Luke Abbott: Holkham Drones (Border Community/Audioglobe)

chksw Non so quante volte vi sia capitato di provare a trasformare uno scatolone in altro. Dico rubare un cartone dal retro della Coop sotto casa e tentare di regalargli un’altra forma, una nuova vita. Non so, provare a farne un bus. I finestrini, le ruote, le porte per salire, il volante, il posto dell’autista. Il vano per i bagagli e i sedili. Ecco, una cosa cosi. Non so a voi, però a me capita sempre che ad un certo punto manchi qualcosa. Non si accende, non parte, non si muove, non arriva da nessuna parte. Insomma, rimane uno scatolone. Uno scarto (più o meno) sopravvissuto alla grande distribuzione. Un pezzo di carta scura. Lo stesso pezzo di carta che Luke Abbott sarebbe capace di far parlare ridere piangere correre danzare. Andare ovunque, suonare.
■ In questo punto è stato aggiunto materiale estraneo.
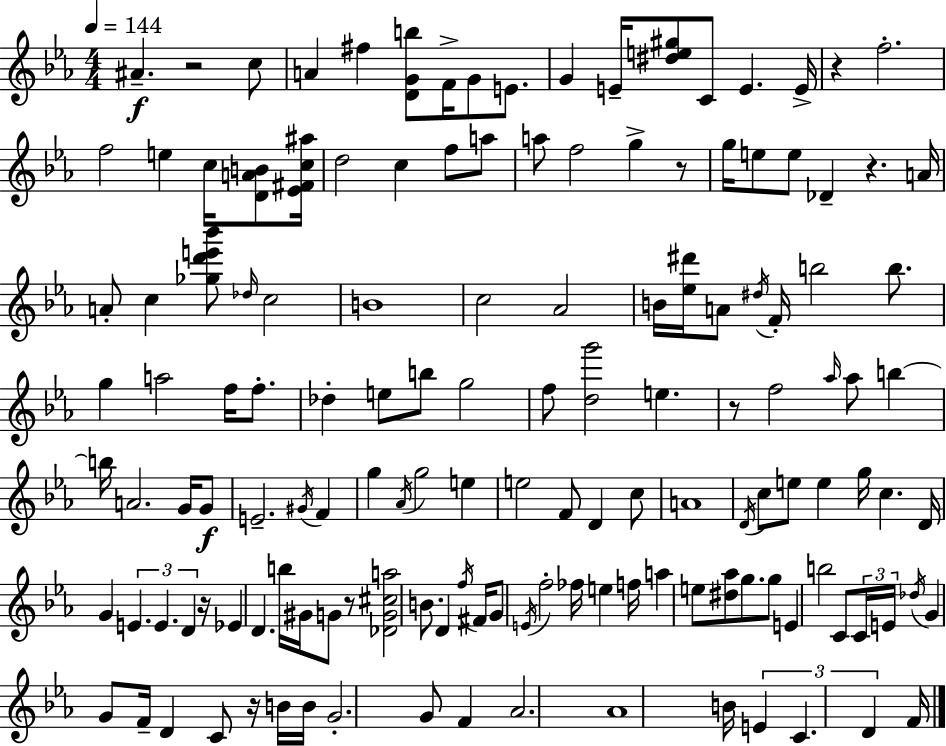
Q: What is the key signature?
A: EES major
Una scatola (due scatole, tre scatole, quattro scatole e qualche cavo) in grado di restituire quel suono kraut e sintetico che in Holkham Drones -primo LP dell’artista di Norfolk su Border Community- diventa un racconto che non si può scrivere. Una traiettoria lucida e meravigliosa tra ampi scenari à la Boards Of Canada, texture organiche simil-Emeralds e la techno dello stesso James Holden. Una magia, insomma, inventata con qualche macchina recuperata chissà dove. Macchina che probabilmente agli occhi di molti resterà per sempre soltanto uno scatolone immobile. Senza finestrini. Senza colore. Un pezzo di carta scura abbandonato sul retro di un supermercato.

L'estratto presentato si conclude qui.